Layer up outdoors with thin layers
Another approach you could consider is layering your clothing, especially if you’re going to be outdoors. The layers trap the warm air between them, which acts as insulation. You should start by putting on a thin but comfortable close-fitting layer, which will be the base for your outfit. With each layer, the clothing should get thicker. You’ll hardly notice the cold. This is also a good way to dress children in winter. Make sure they wear lots of layers and that their clothes are made from wool, cotton or fleece.
Get your feet up
Did you know that the air closer to the ground is colder? Perhaps you’ve noticed your feet get cold when you’re standing in an outdoor sports stadium or at a grass-roots match or sitting on a chilly train somewhere. When you’re at home and the temperatures are colder, wear some thick socks and some comfortable slippers, grab a stool and put your feet up.

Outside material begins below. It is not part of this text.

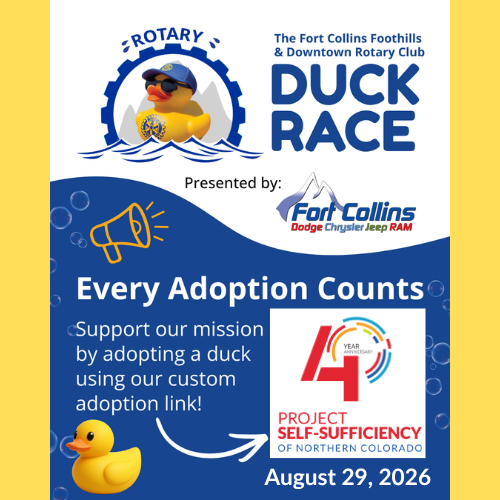 Event poster for the Rotary Duck Race, featuring a yellow rubber duck, event sponsors, and details: "Every Adoption Counts," supporting Project Self-Sufficiency. Event date is August 29, 2026.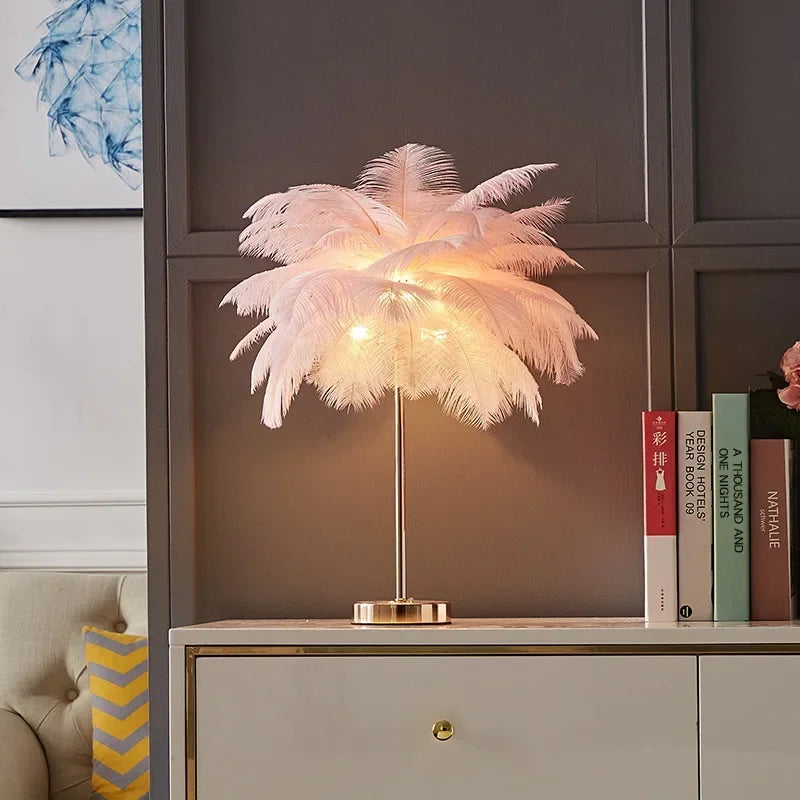 Palmira Feather Table Lamp - KaveCore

Harness the power of drinks
Naturally, it makes sense to reach for the hot drinks when the temperatures drop. The body distributes the heat evenly and the warm liquid will cause your body temperature to surge and stay this way for a good while. There’s also the extra bonus of being able to warm your hands up just by holding the cup.
You can give your body temperature an additional boost by adding some spices to drinks and food. Cinnamon, ginger, black pepper, cayenne, cardamom, horseradish and garlic all have properties that would do the trick. If you can incorporate any of these into your drinks or your meals, you could handle the drop in cold temperatures that little bit easier.
Look for financial help
You could be so busy insulating your home, draught-proofing it, setting your heating and more that it may not occur to you to see if you can get some financial help with your home. The Government actively encourages citizens to make their homes more environmentally friendly and offers grants to help with this, particularly in the case where saving energy is concerned. In some circumstances, energy companies will also lend you a hand with the costs:
The Warm Homes Scheme
This scheme can help you to cut your energy bills. The scheme is open to pensioners and to people on low incomes and if you meet the criteria, you’ll receive a discount on your electricity bills. Energy suppliers manage the scheme and will credit the account of people who become part of it. If you receive both your gas and electricity from the same supplier, you could receive a discount on your gas bill. Why not apply and see if you’re eligible?
Home improvement grants
Under the Energy Company Obligation (ECO) scheme, which aims to tackle fuel poverty and reduce carbon emissions, energy companies fund measures that households take to improve the energy efficiency of their homes. If you’re eligible to take part in the scheme, you could receive funding for loft insulation projects. Other measures eligible for potential funding include the installation of smart meters and replacement of boilers.
A note on wellbeing
Preparing for the winter doesn’t just mean focusing on staying warm. You should consider the bigger picture of your wellbeing. Eating well ― which includes eating plenty of fruit and vegetables ― and visiting the doctor for jabs against flu and other illnesses is also important, as is exercise. All of these things are especially necessary in the winter because the lower temperatures can make you more vulnerable to illness and disrupt your wellbeing.
Follow the tips above and you can stay much warmer when those cold winter days and nights arrive. Wrap up warm. It won’t be long before summer is here again!